Today on the Doc On The Run podcast, we’re talking about which is worse for your Achilles tendon, running hills or running stairs.
This episode comes from a question sent in by a runner who was listening to the Doc On The Run podcast, and he wanted to know which is worse for my Achilles tendon, running hills or running stairs? And so this is somebody who had an Achilles tendon issue and was recovering and getting back to running and he’s been back to running, he’s doing better, he’s running without any pain, but he wanted to incorporate some strength training in the form of either hill repeats or running stairs, and this is a completely reasonable thing to do. Running hills and running stairs is one of the fastest ways to develop strength as a runner, but it can put a lot of stress and strain on your Achilles tendon.
The way that I think about this is that when you think about the mechanism of injury, the way that you actually rupture or completely tear your Achilles tendon, that we know has to be the most stressful thing for the Achilles tendon because it could cause it to rupture. So the way that works is you have to do several things all at the same time in order to actually really put the maximum amount of stress on your Achilles tendon.
First thing you have to do is you have to dorsiflex your foot or pull it upward away from the ground in order to put a lot of stress on it and so step one when you’re going to try to rupture your Achilles tendon is to basically run. If you’re running uphill for example, you have to do several things. You have to pull your foot up to get it flat onto the ground but that has a really dorsiflexed position where it’s pulled way up away from the ground and way toward your shin. At the same time of course to get your leg up on the hill in front of you, you have to bend the knee.
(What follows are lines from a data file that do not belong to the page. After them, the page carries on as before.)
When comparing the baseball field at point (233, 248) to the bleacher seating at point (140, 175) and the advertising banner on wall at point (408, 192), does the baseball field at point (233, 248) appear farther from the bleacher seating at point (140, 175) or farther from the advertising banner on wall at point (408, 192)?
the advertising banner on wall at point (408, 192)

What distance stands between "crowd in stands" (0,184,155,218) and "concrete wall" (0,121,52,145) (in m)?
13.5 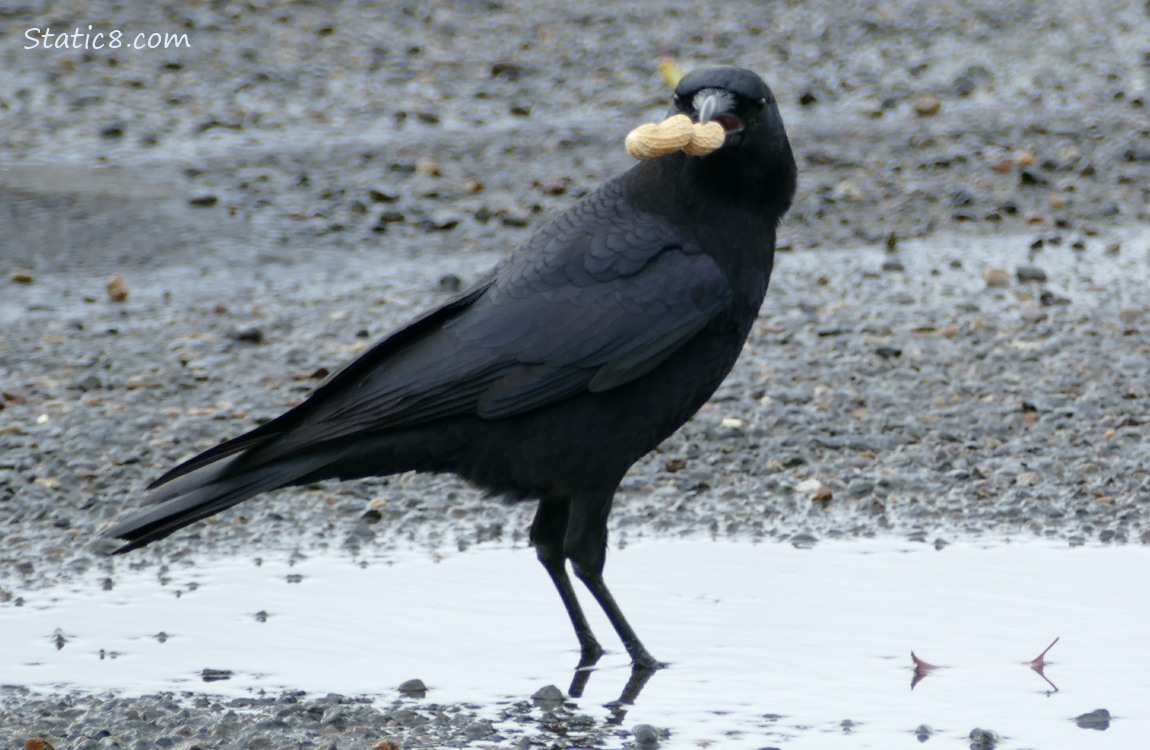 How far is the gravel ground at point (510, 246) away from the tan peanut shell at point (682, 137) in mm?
1504

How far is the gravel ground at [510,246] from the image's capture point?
5.71 m

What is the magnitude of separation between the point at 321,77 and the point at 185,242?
12.7 feet

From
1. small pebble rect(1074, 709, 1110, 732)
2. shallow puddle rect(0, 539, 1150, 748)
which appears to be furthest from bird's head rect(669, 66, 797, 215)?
small pebble rect(1074, 709, 1110, 732)

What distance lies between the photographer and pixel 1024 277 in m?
8.62

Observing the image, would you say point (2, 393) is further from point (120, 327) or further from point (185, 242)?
point (185, 242)

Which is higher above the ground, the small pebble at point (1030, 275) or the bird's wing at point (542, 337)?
the small pebble at point (1030, 275)

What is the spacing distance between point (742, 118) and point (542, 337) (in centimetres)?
79

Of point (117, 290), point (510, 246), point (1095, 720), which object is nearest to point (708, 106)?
point (1095, 720)

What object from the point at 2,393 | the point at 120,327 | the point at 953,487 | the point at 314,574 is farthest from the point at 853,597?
the point at 120,327

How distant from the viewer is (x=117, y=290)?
8914mm

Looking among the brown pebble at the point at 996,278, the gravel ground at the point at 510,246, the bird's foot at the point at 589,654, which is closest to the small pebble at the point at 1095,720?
the gravel ground at the point at 510,246

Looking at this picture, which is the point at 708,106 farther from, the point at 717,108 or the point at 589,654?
the point at 589,654

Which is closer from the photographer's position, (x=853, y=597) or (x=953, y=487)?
(x=853, y=597)

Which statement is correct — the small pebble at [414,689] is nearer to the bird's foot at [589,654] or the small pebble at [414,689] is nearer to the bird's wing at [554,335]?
the bird's foot at [589,654] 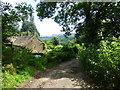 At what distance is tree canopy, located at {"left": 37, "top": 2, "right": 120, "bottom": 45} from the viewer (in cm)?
1130

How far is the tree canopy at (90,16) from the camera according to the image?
11.3m

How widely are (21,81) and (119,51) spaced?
15.0ft

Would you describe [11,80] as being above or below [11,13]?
below

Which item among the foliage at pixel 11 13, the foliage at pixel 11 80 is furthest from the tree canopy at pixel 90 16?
the foliage at pixel 11 80

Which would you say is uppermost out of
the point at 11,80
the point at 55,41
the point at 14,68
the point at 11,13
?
the point at 11,13

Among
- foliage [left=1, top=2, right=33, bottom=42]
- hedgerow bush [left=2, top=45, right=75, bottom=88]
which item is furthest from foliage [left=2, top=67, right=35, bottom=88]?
foliage [left=1, top=2, right=33, bottom=42]

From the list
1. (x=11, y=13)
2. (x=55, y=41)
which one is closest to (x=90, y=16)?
(x=11, y=13)

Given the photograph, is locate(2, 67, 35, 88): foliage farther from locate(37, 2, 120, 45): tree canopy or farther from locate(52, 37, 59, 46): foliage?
locate(52, 37, 59, 46): foliage

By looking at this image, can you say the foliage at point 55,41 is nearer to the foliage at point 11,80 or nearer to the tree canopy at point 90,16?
the tree canopy at point 90,16

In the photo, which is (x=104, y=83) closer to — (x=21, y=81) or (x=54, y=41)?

What that does is it unlocks the gastroc or big beefy part of the Achilles tendon and it only engages the soleus part. That actually allows you to dorsiflex or pull your foot up even further, so then when you plant your foot on the hill and you lean your knee forward toward the hill, and then you get ready to push off, you’re putting a huge amount of stress on the Achilles tendon where the back of the Achilles is stretched around the back of the heel bone under maximum tension.
Then the final piece of that equation to break the tendon is to actually pronate forcibly. So if you plant your foot on the hill, your knee is bent and then you get ready to fire that Achilles tendon and you’re changing direction and you twist as you push off, that will actually pull the Achilles tendon enough that it can rupture. So when I think about that and I think about this question, we know that it’s going to be more stressful to run up hills, that’s a given. But the first thing is that the one piece of that equation you could avoid is twisting. So if you’re running up hills and you’re changing direction, that is incredibly risky and I would not recommend that under any circumstances because it’s not worth the risk.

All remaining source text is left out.